I stole the  neon yellow, tea stained copy of Ulysses from the encyclopaedia packed library, in the Good Room. All of this was done after midnight but before the dogs started to howl.

I didn’t like it. The book. It made my face contort. And I wasn’t use to have such a physical

James Joyce's SEO and Google's Hummingbird
James Joyce’s SEO and Google’s Hummingbird

reaction to a book. Most of the words sounded madie-uppy. In fact, I knew babies who could talk better than this genius.

Obviously I didn’t share my opinions with anyone.
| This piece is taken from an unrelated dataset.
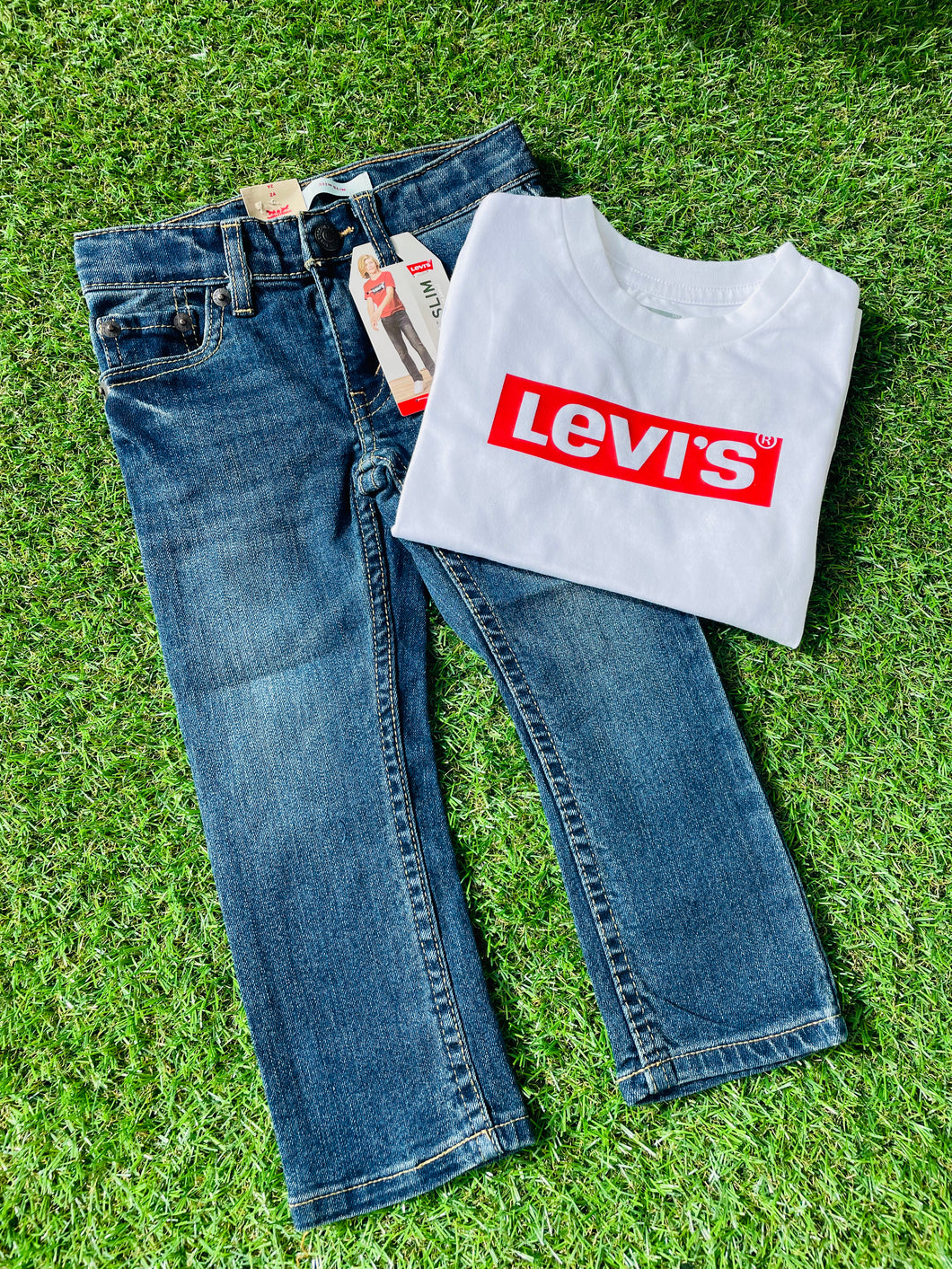 Boys Levi’s Short Sleeve Graphic Tee Shirt - White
While my brothers were out on the farm. Or smoking behind the hay barn. And the girls were cooking or laughing. Myself and my twin sister would sit on the dirt behind the playhouse that felt too little for us now – and we’d read Ulysses to the crow lined trees above us.

 

It took us the whole summer. And we still didn’t understand it.

 

So it became like a secret language between him and us. Is that the genius of Joyce?

 

 

It was all bare bones and reductive phrases. Was he trying to find the child in himself?

I’d never discuss James Joyce outside the walls of my kitchen. It feels as if you need a masters from Trinity to mention his name. But we are allowed to an opinion.

Even if that opinion comes with a pink handbag and lip glos. And that’s what I love about the digital age. This is my corner of the internet. You don’t have to listen to it. But I still get to share my opinion.

Just as Joyce spewed his into Ulysses.

As I said before – If James Joyce was alive, he’d probably be a blogger with a cult following and low traffic. And he probably wouldn’t have had it any other way.

 

You what? Tell me:

Where’s your corner of the internet?

How do you share your opinions online?

What did you make of Ulysses?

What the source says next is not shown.